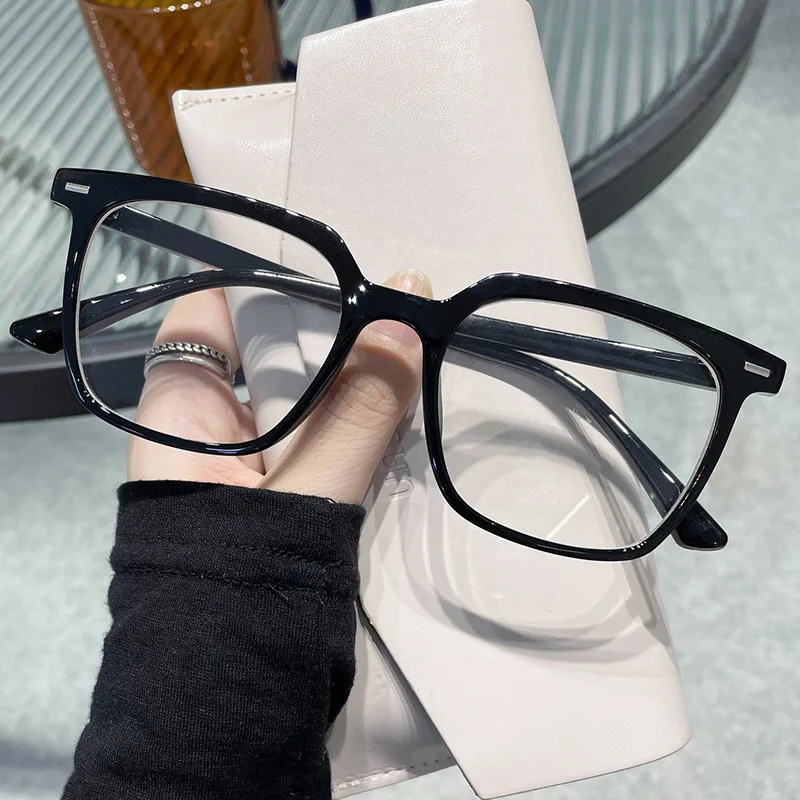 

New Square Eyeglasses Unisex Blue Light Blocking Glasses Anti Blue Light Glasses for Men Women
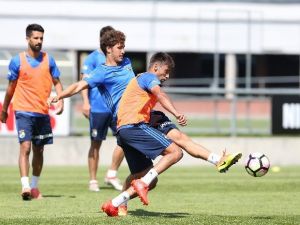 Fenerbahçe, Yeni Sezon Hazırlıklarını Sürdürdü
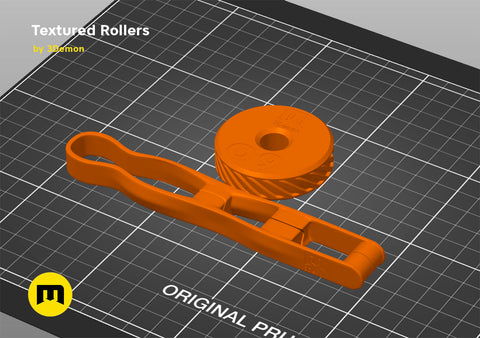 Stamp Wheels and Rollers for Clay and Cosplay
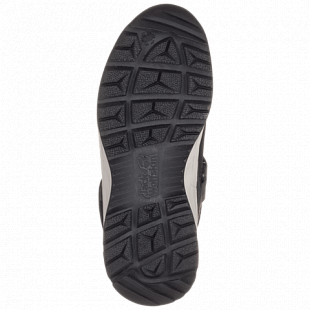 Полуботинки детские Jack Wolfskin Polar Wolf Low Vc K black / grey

==

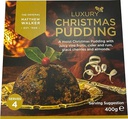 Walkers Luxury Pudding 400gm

• _What is being asked_
The answer is the lines of the material above, from the one containing "Fenerbahçe, Yeni Sezon" down to the one containing "Полуботинки детские Jack", given exactly and without images.

• _Solution below_
 Fenerbahçe, Yeni Sezon Hazırlıklarını Sürdürdü
 Stamp Wheels and Rollers for Clay and Cosplay
 Полуботинки детские Jack Wolfskin Polar Wolf Low Vc K black / grey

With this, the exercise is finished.